Today Alameda’s PTA Council is joining with other Bay Area PTA’s in a day of advocacy in Sacramento. Many parents, educators, community members and students wrote letters to bring to the capitol. To the left is one such letter penned by a third grader, Sophie, from Franklin School.


  • Susan D.

    A lovely letter! I so much enjoy a child’s take on politics!

    (My own children were rolling on the ground with laughter yesterday when they figured out that Bill Clinton and William Clinton were the same guy. “BILL!” my daughter bellowed. “How can Bill be a nickname for William??? There’s no B in William! That’s the stupidest thing I’ve ever heard!” I just never thought of it that way.)

    I like this week because after nearly six weeks of terror and suspense, we’ve now got a concrete budget proposal on the table (horrible, but at least it’s tangible), people showing up at the board meeting, more concensus on a parcel tax, PTA folks heading up to Sacramento, and lots of parents asking what else can be done. The Island’s moving. I think that’s what it’s going to take this time around–everybody in the community finding where they can get a foothold on this massive financial crisis, everyone helping in whatever way they are able.

    And yes, a good new blog will be a great addition!

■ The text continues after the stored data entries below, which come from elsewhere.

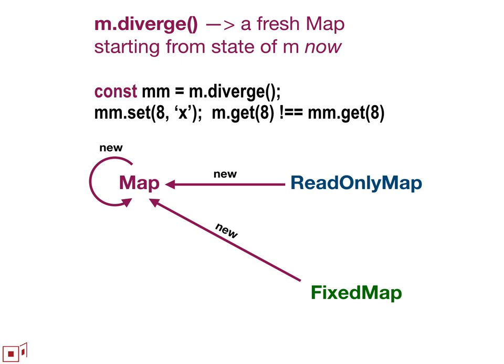So diverge always gives you back a fresh mutable map. So obviously, if you do it to a read-only map or a fixed map, it has to give you back a new one. What might be surprising is even if you do it on a mutable map, you get back a new mutable map. And the reason is that the mutations done on the new mutable map are following an independent history or decoupled from any mutations on the map that you did it from. So the new mutable map starts off with a snapshot of the state of the map that you started with and then diverges from there.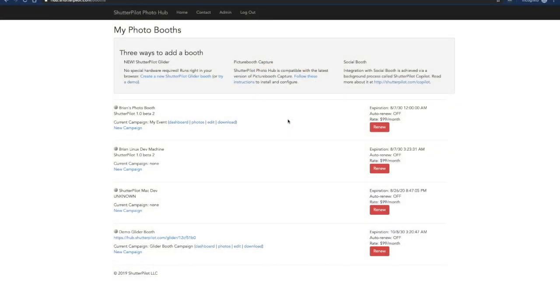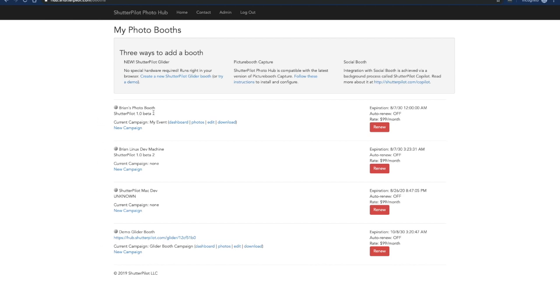When you log into PhotoHub you'll see a screen that looks something like this. You'll see these three ways to add a booth and you can choose the one that works best for you. Once you've added a photo booth you'll see it appear underneath. You can see I've added four photo booths but we'll just focus on this first one.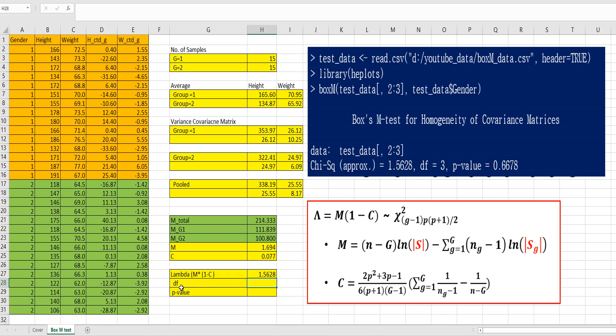Then the degrees of freedom is 3 because, let's look at this part, g minus 1 equals 1, 2 variables, and 2 plus 1 equals 3. So, 6 over 2 means 3 has degrees of freedom.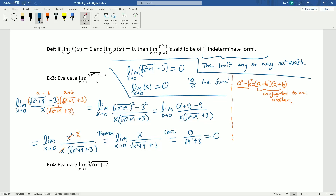The key principle for all these problems is the same: find a continuous function that acts just like the original function everywhere except at the discontinuity, then cancel that discontinuity. Once you have a continuous function, just plug in. How you get to the continuous function changes from problem to problem — that's all about your previous algebra skills. The goal is always: get rid of the discontinuity, then plug in.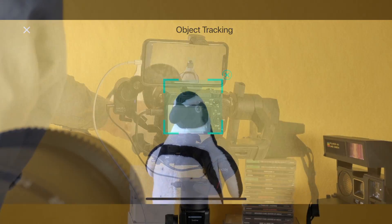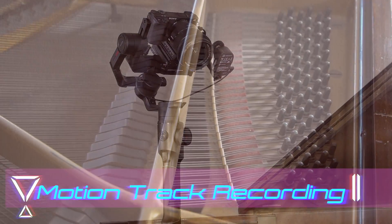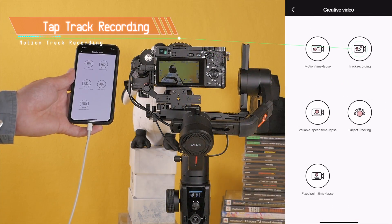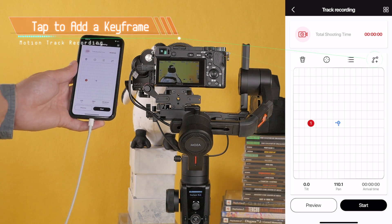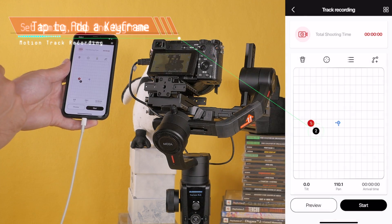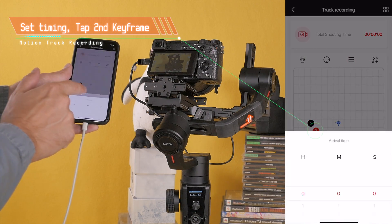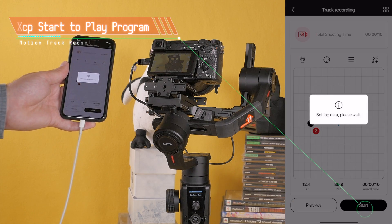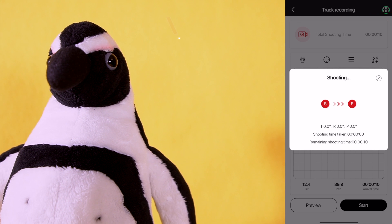Beware that object tracking can lose its lock if the subject and background are too similar. Motion Track Recording is accessed from the Moza Master app. Tap Create a Video then Track Recording. Motion Track Recording requires a minimum of two keyframes. Adjust the position of the camera, then tap to add a keyframe. To set timing, tap the second keyframe and so on. Tap the Start button to play the Program Movements. Program Movements can be saved and recalled to repeat the same shot.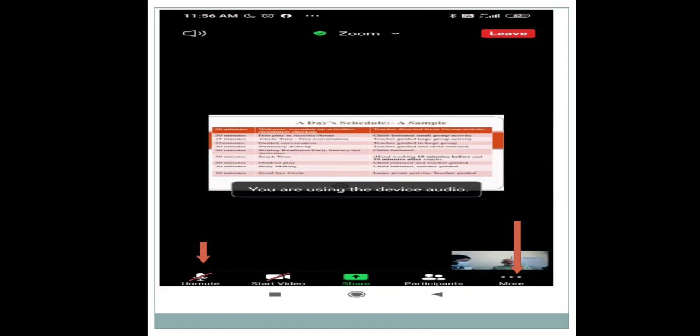The fourth option is 'Participants.' If you click on this, you will get the detailed list of participants in the meeting. On the top right there is 'Leave' — if you want to exit from the meeting, click there. On the top left there is a speaker icon which allows you to listen. If you click on it, the speaker will turn off and you will not be able to listen to whatever is said in the meeting.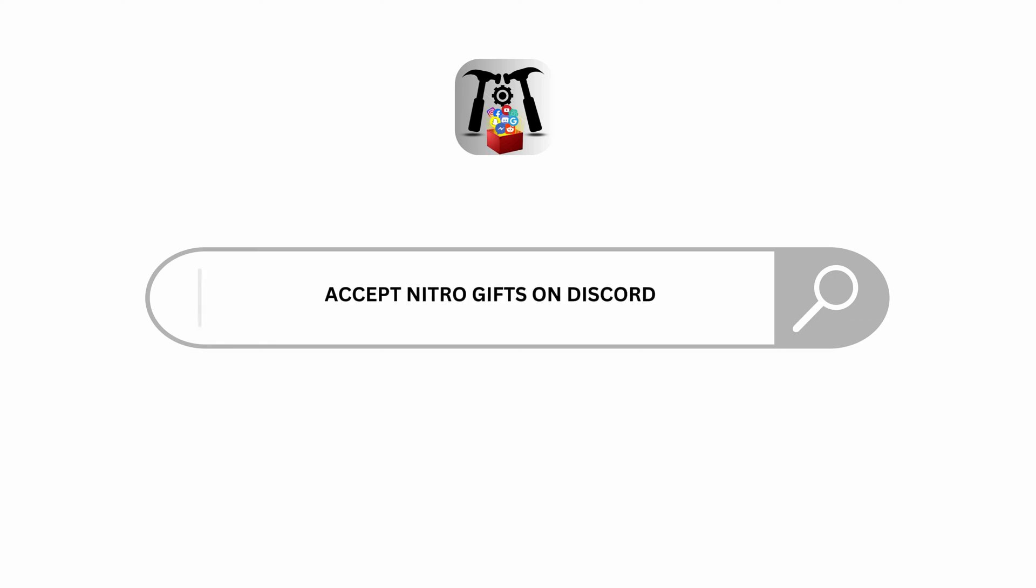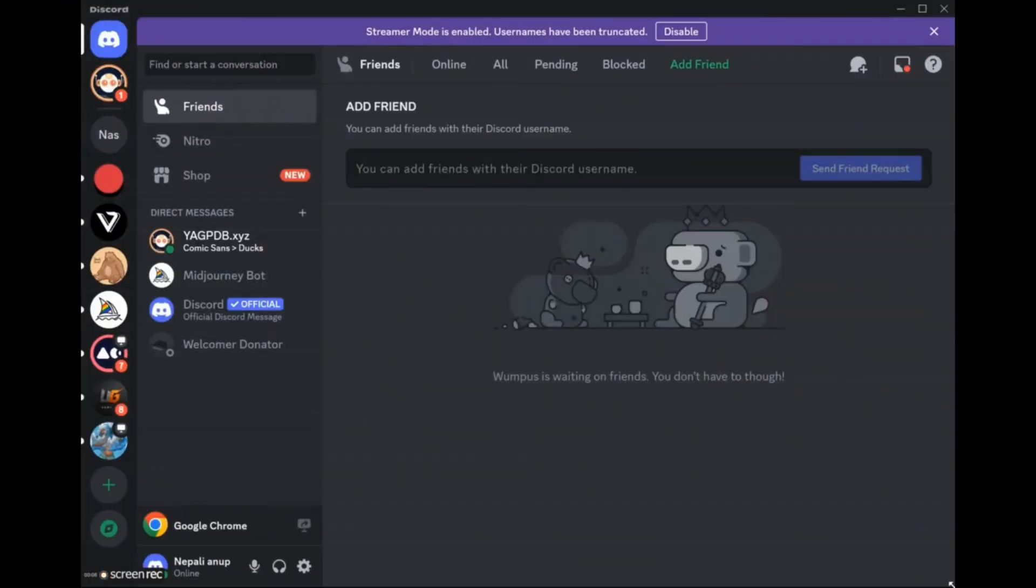How to accept Nitro gift. Hello viewers and welcome back to our YouTube channel. In today's video I will be teaching you how to accept Nitro gifts. So without delaying any further, let's get started.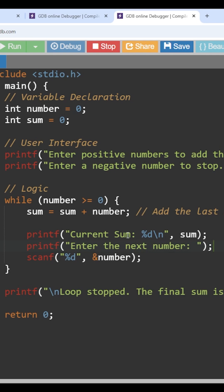And the printf statement is current sum. So whatever the sum that is present at this particular point of time, after the execution of this line of code, whatever the value that is there for sum, that value will get printed. And this printf is to enter the next number. So these two printf statements will make the user comfortable to understand what he has to do.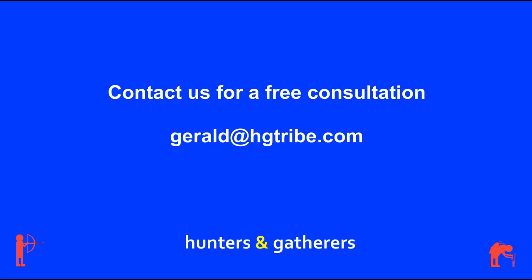If you'd like to produce a video, contact us at gerald at hgtribe.com for a free consultation.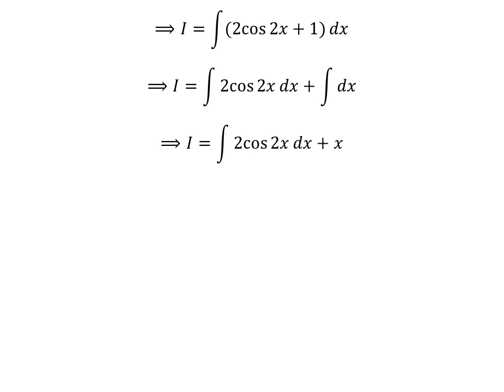The integral of 1 with respect to x is x. So I is equal to the integral of 2cos(2x) with respect to x, plus x.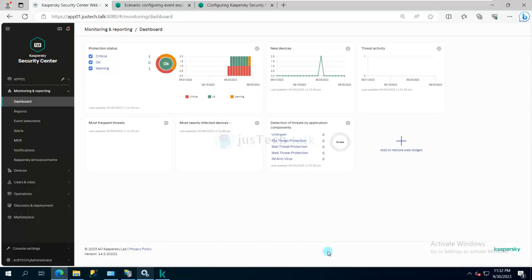If you don't know, SIEM solutions are Security Incident Event Management tools which can correlate the events from different solutions deployed in an organization and help you to achieve security insights and give you very useful reports. Then you can take certain actions on that.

Thanks for starting this up, Eve!

  • Brooke B.

    Sophie understands something very simple – “it is wrong to break your promise.”

    With voices like hers – that remind us that this is not about infighting, this is not about the past, but this is about what the Governor of the State of California is doing to public education – with voices like hers we can build a community response that is broad, effective and reminds us that this is, after all, about the children.

    Because Sophie reminds us that no matter how complicated and convoluted school funding can be – sometimes the simplest thing is the truth.

    Sometimes something is just wrong. And when we see someone doing something wrong we should say so.